Darüber hinaus werden auch Themen und Technologien aus dem Sicherheitsbereich adressiert. Ziel ist es, innovative Lösungen zu entwickeln, die den hohen Anforderungen an Sicherheit und Zuverlässigkeit im Luftverkehr gerecht werden.
Nachwuchsförderung als Bestandteil der Kooperation
Ein wichtiger Bestandteil der Zusammenarbeit ist zudem die Förderung des wissenschaftlichen Nachwuchses. DLR und Lufthansa Technik planen, gemeinsam Abschlussarbeiten und Promotionen zu betreuen und damit junge Talente frühzeitig in praxisnahe Forschungsprojekte einzubinden.

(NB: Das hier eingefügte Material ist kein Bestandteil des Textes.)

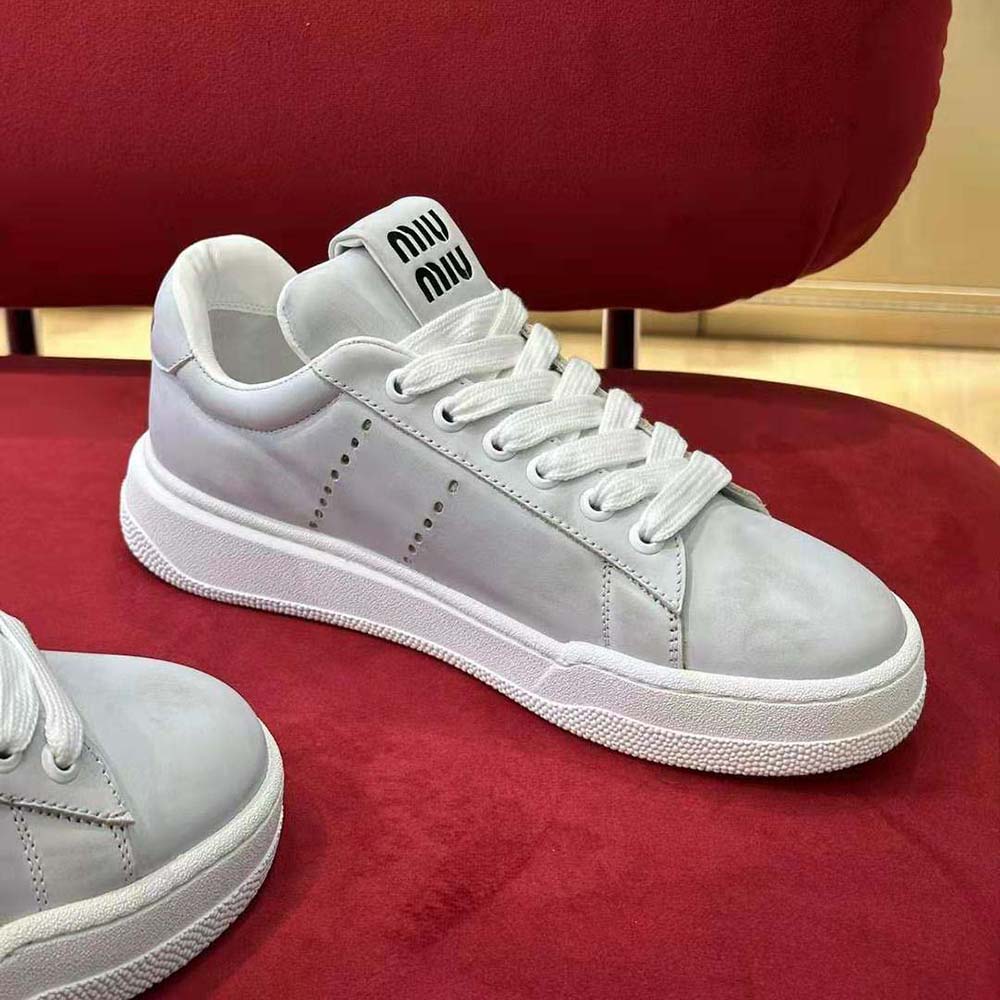 Miu Miu Women Bleached Leather Sneakers-White - image 6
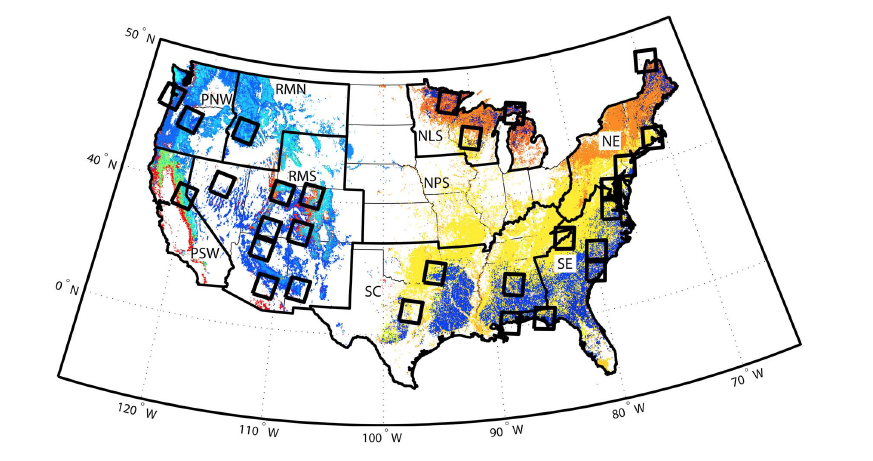 US distribution of forest types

Diese enge Verzahnung von akademischer Ausbildung und industrieller Anwendung stärkt nicht nur die Qualifikation zukünftiger Fachkräfte, sondern trägt auch dazu bei, Innovationen langfristig im System zu verankern.
Signalwirkung für den Luftfahrtstandort Hamburg
Die Unterzeichnung der Vereinbarung in Hamburg unterstreicht die Bedeutung des Standorts als führendes Luftfahrtzentrum. Die Metropolregion vereint zentrale Akteure aus Forschung, Industrie und Anwendung entlang der gesamten Wertschöpfungskette.
Hamburg Aviation war bei der Veranstaltung vertreten und begrüßt die vertiefte Zusammenarbeit ausdrücklich. Kooperationen dieser Art sind ein wichtiger Baustein, um Innovationen im Cluster voranzutreiben und die Transformation der Luftfahrt aktiv zu gestalten. Die Vereinbarung zwischen DLR und Lufthansa Technik setzt hierfür ein klares Signal – für Hamburg und darüber hinaus.